Amsterdam-based property company Geneba has sold its Baltic property portfolio last valued at €87 mln to a joint venture between Northern Horizon and Partners Group for a price in line with the assets' balance sheet value.

Amsterdam-based property company Geneba has sold its Baltic property portfolio last valued at €87 mln to a joint venture between Northern Horizon and Partners Group for a price in line with the assets' balance sheet value.

The package includes 42 assets located in Lithuania, Latvia and Estoniato Laurus, offering 84,000 m2 of lettable space with an occupancy rate around 73%. The major tenant is the Swedish bank SEB, which has a lease agreement on most of the assets with an average term of nine years.
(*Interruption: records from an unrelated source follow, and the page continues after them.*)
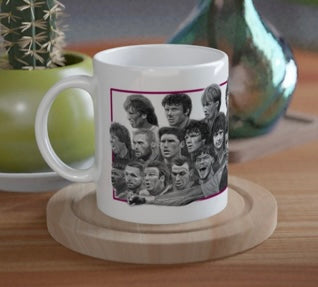 Aston Villa 28 Greats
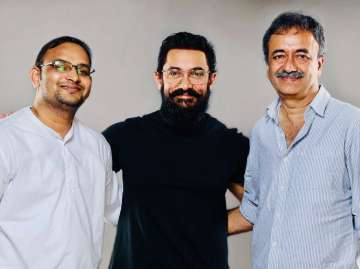 Aamir Khan, Rajkumar Hirani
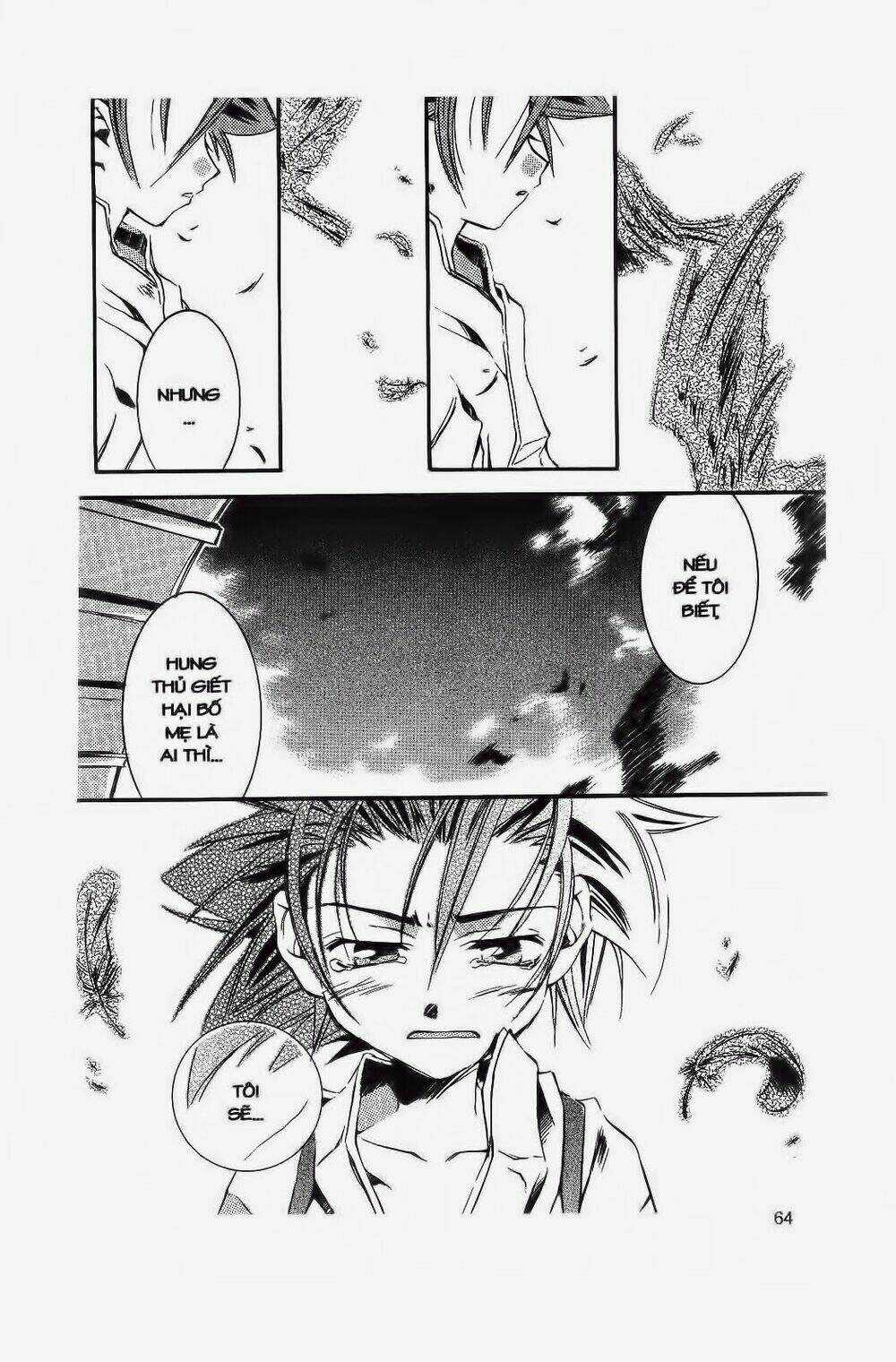 Hào Khí Ngất Trời Chapter 7 trang 29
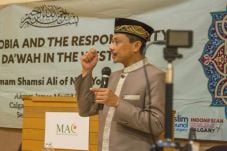 Puasa Ramadhan Melahirkan...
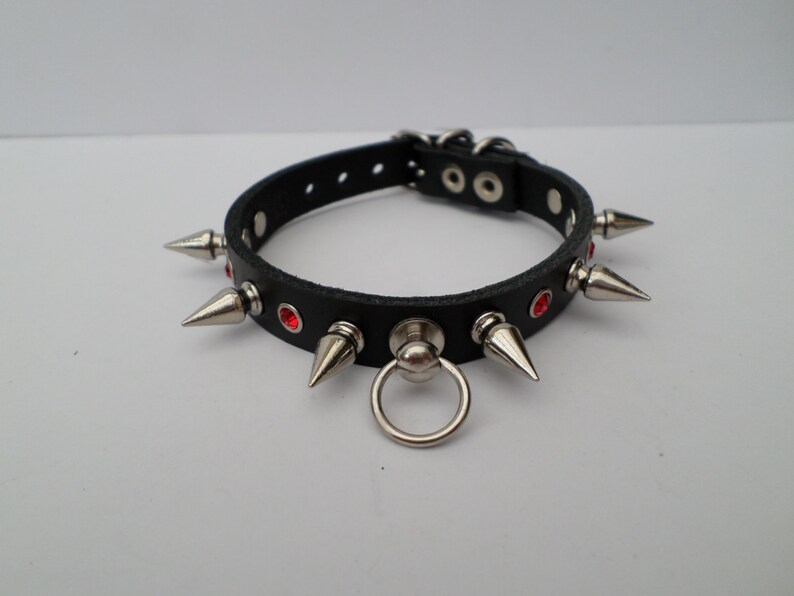 Chihuahua Spiked Dog Collar / Extra Small Spiked Dog Collar Etsy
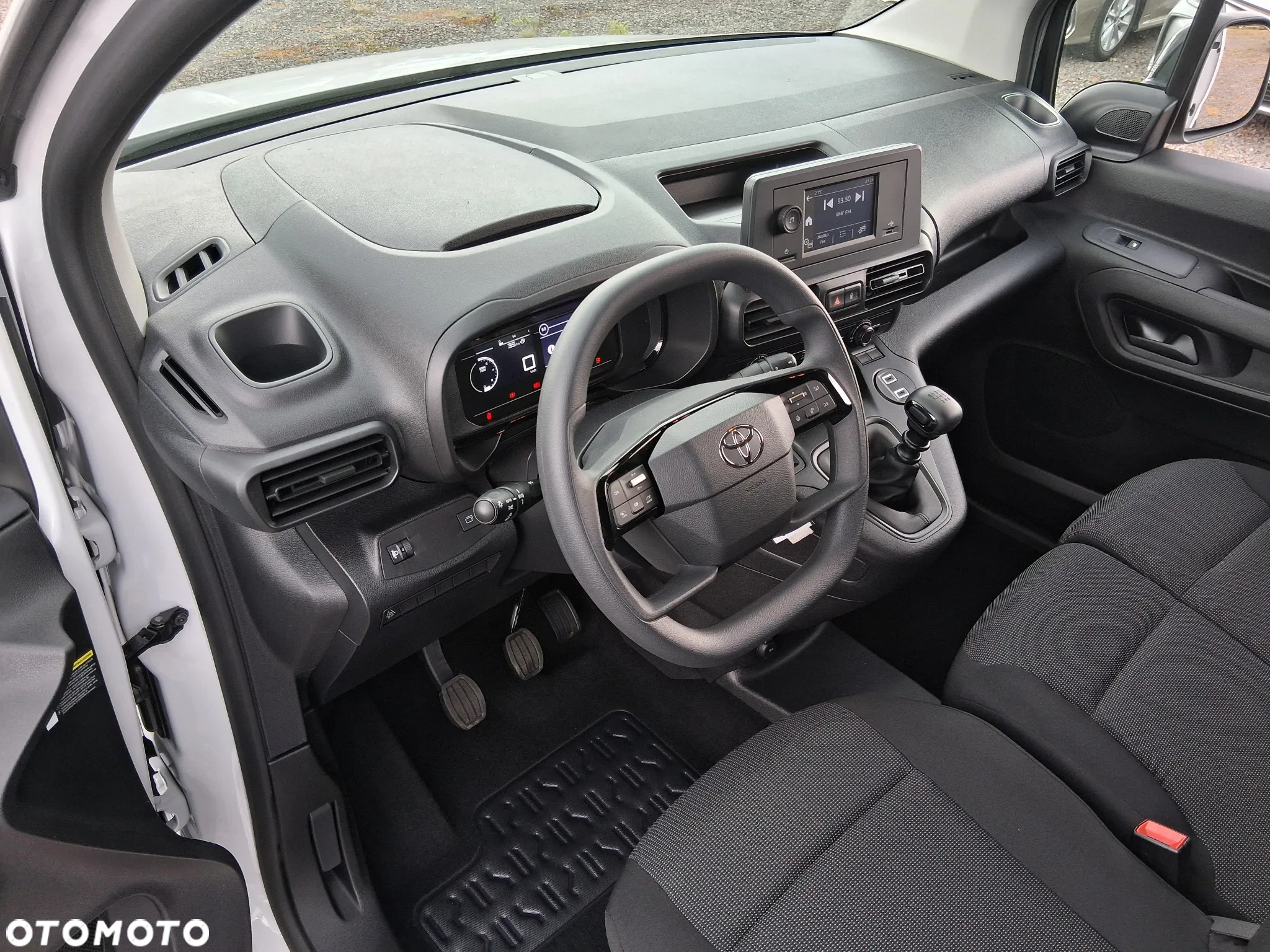 Toyota Proace City Long 1.5 100km 2025r - 10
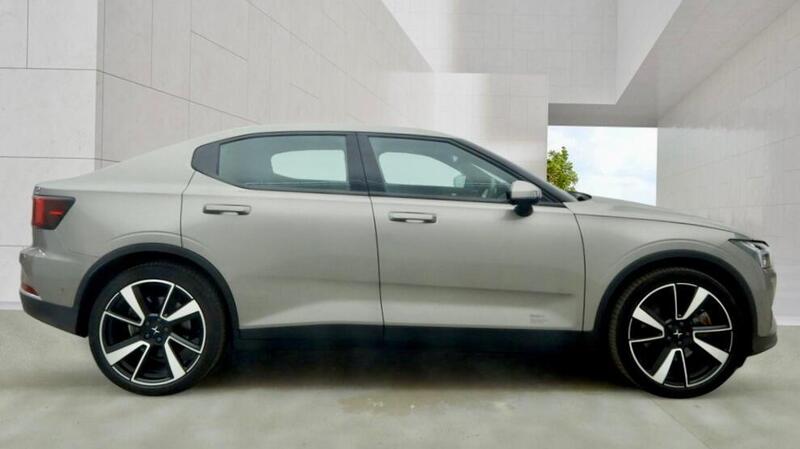 Polestar Polestar 2 view 5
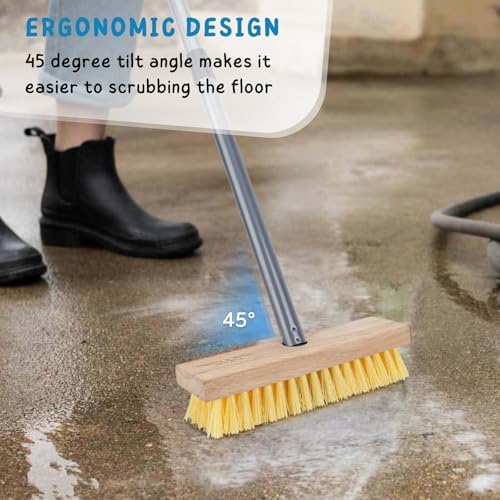 Floor Scrubber Brush - Image 2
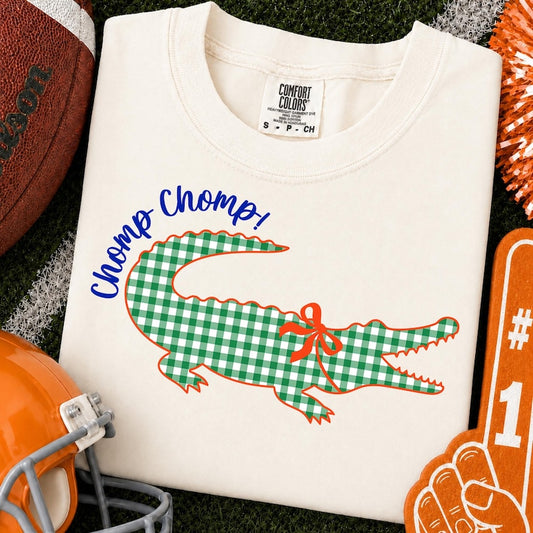 Florida Gators Gingham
The disposal of the portfolio, which has a loan-to-value ratio of more than 100%, will have a positive effect on Geneba’s overall debt and performance ratios, the company said in a statement.

Geneba Properties was formed from the insolvent European firm Homburg Invest. The company is largely owned by Canada's second-largest private equity firm Catalyst Capital Group through its Catalyst RE Coöperatief arm.

'Through this transaction we have achieved yet another milestone in realigning our investment portfolio to our chosen strategy, which is “to give corporate businesses in core Europe a home”,' said Wulf Meinel, CEO Geneba Properties. 'By investing in logistics and light industrial assets, which are crucial to the operations of industrial businesses, we are focused on our core markets in Germany and the Netherlands. The Baltic portfolio did not match our strategy.'

SEB sold this portfolio in a sale and lease back transaction in 2007. The assets were transferred to Geneba in March 2014 following a credit restructuring and insolvency procedures over the assets of the former owner. SEB continues to be the major tenant of the portfolio and continues to provide the debt and hedging to the structure.

'We look forward to start engaging the best asset management competences available to us to finally turn this complex portfolio around and start unlocking its value for our investors over the medium term,' commented Antanas Anskaitis, manager of Laurus at Northern Horizon.

The deal comes hard on the heels of Partners' first foray into the Baltics with the €163 mln BPT Optima acquisition, also in joint venture with Northern Horizon Capital.

Zug-based Partners Group in February last year created a new investment vehicle to acquire the package which comprises seven office and retail properties in the Baltic cities of Tallinn, Riga, Vilnius, Kaunas and Klaipeda, totalling 112,000 m2 of lettable space. The portfolio also includes the Young City urban regeneration site in the Polish city of Gdansk, including the former shipyards on the city's waterfront.